SAMPIT – Komite Olahraga Nasional Indonesia (KONI) Kabupaten Kotawaringin Timur (Kotim) mengaku belum dapat bergerak maksimal dalam persiapan menghadapi Pekan Olahraga Provinsi (Porprov) Kalimantan Tengah Tahun 2026. Hingga kini, anggaran hibah daerah untuk KONI belum juga dicairkan, sehingga proses seleksi atlet dan persiapan cabang olahraga (cabor) masih tertahan.
Ketua Umum KONI Kotim periode 2025–2029, Alexius Esliter, mengungkapkan kondisi tersebut saat mengikuti rapat dengar pendapat (RDP) bersama Komisi III DPRD Kotim yang membahas pengelolaan hibah daerah untuk KONI serta kesiapan menghadapi Porprov 2026.
“Ini sebenarnya merupakan rapat kedua yang kami sampaikan. Untuk kepengurusan, kami masih dalam proses pengajuan pergantian bendahara karena yang lama mengundurkan diri,” ujarnya, Kamis 19 Februari 2026.
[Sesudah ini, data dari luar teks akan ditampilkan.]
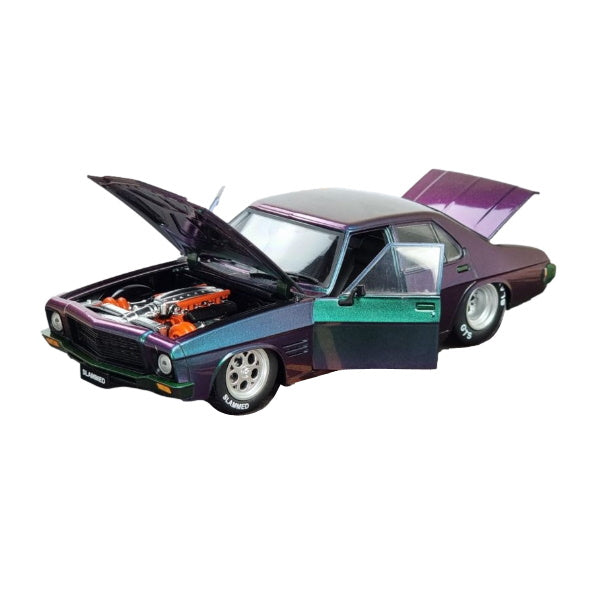 1:24 scale Holden HQ Custom 4 door Monaro in colour shift Green/Purple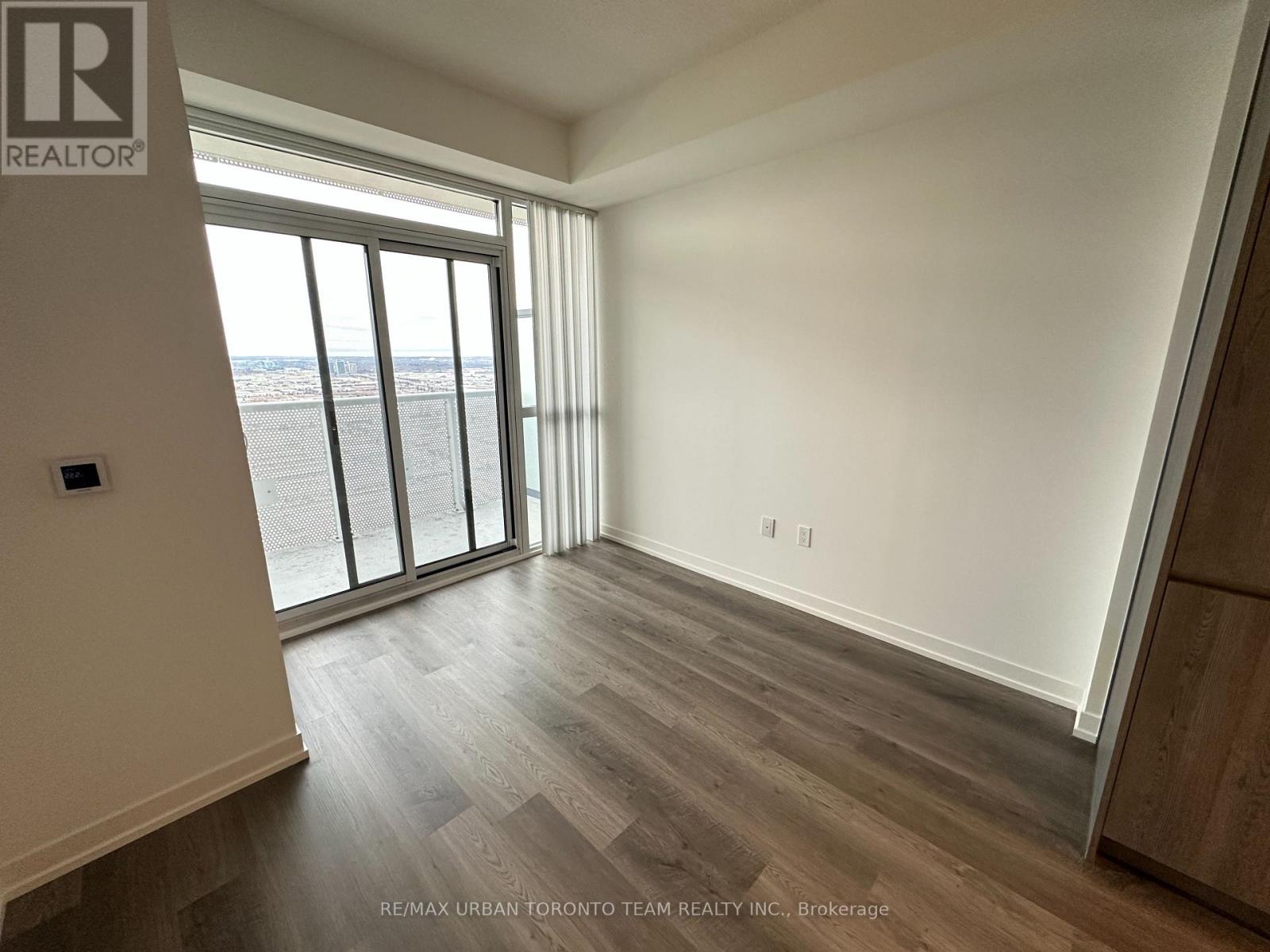 5203 - 8 Interchange Way, Vaughan, Ontario  L4K 5Z7 - Photo 6 - N12917608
Alexius menjelaskan, saat ini KONI Kotim tengah mengajukan Ibu Rini sebagai bendahara dan Aris Wibowo sebagai wakil bendahara, yang masih dalam proses administrasi. Selain itu, posisi Wakil Ketua I juga diusulkan diisi oleh Johny Tangkere.
Di tengah proses internal tersebut, KONI Kotim belum menerima pencairan anggaran sama sekali, sehingga tidak bisa melakukan langkah teknis persiapan.
Menurutnya, kondisi ini cukup memprihatinkan mengingat Kotim selama ini dikenal sebagai barometer olahraga di Kalimantan Tengah. Pada Porprov sebelumnya, Kotim berhasil keluar sebagai juara umum. Namun, untuk Porprov 2026, KONI Kotim justru berada dalam posisi tertinggal dibandingkan kabupaten lain yang sudah lebih siap secara anggaran.
“Kami sempat bertanya dengan pengurus KONI kabupaten lain. Contohnya Kabupaten Barito Utara, anggaran mereka sampai Rp8 miliar. Sementara kita di Kotim sampai sekarang belum jelas anggarannya,” ungkap Alexius.
Ia pun mempertanyakan apakah masih ada trauma masa lalu yang membuat pencairan anggaran menjadi lambat. Kondisi tersebut berdampak langsung pada persiapan atlet.
Hampir setiap hari, para ketua cabor mendatangi KONI Kotim untuk menanyakan kepastian persiapan Porprov. Alexius menyebut, KONI sebenarnya telah meminta daftar atlet dari masing-masing cabor. Namun, untuk mendapatkan data atlet yang valid, setiap cabor harus melakukan seleksi terlebih dahulu, dan seleksi itu membutuhkan anggaran.
“Kalau anggaran masuk, kita langsung lakukan seleksi dengan semua cabor yang sudah siap. Pendaftaran cabor Porprov sudah dibuka mulai 2 Februari sampai 10 April 2026,” jelasnya.
Karena itu, kesiapan Kotim sepenuhnya bergantung pada kepastian anggaran dari Dinas Pemuda dan Olahraga (Dispora), mengingat KONI berada di bawah Dispora.
Ia juga mengungkapkan bahwa pelaksanaan Porprov 2026 sebenarnya telah ditetapkan oleh pemerintah provinsi sejak November tahun lalu. Namun, informasi tersebut dinilai terlambat tersampaikan ke tingkat kabupaten. Porprov 2026 sendiri akan digelar di Kabupaten Kotawaringin Barat.
Alexius menegaskan, lambannya pergerakan KONI selama ini bukan karena kurangnya komitmen, melainkan karena belum adanya anggaran yang masuk. Dengan adanya RDP bersama DPRD Kotim, ia merasa lebih mantap karena kejelasan anggaran kini memiliki dasar hukum yang jelas.
“Ranah KONI itu pembinaan, sedangkan anggaran ada di Dispora. Selama ini Dispora belum berani mencairkan karena belum jelas. Dengan RDP ini, semuanya sudah jelas karena ini produk hukum,” tegasnya.
Meski demikian, KONI Kotim memastikan tetap akan mengikuti Porprov 2026. Namun, jumlah cabor yang diikutsertakan nantinya akan disesuaikan dengan skala prioritas dan kemampuan anggaran. Alexius tetap optimistis Kotim mampu bersaing dan mempertahankan prestasi.
“Untuk optimis, saya melihat semangat kawan-kawan cabor masih sangat tinggi. Juara itu tergantung dari semangat mereka, dan saya lihat semangat itu masih ada,” pungkasnya.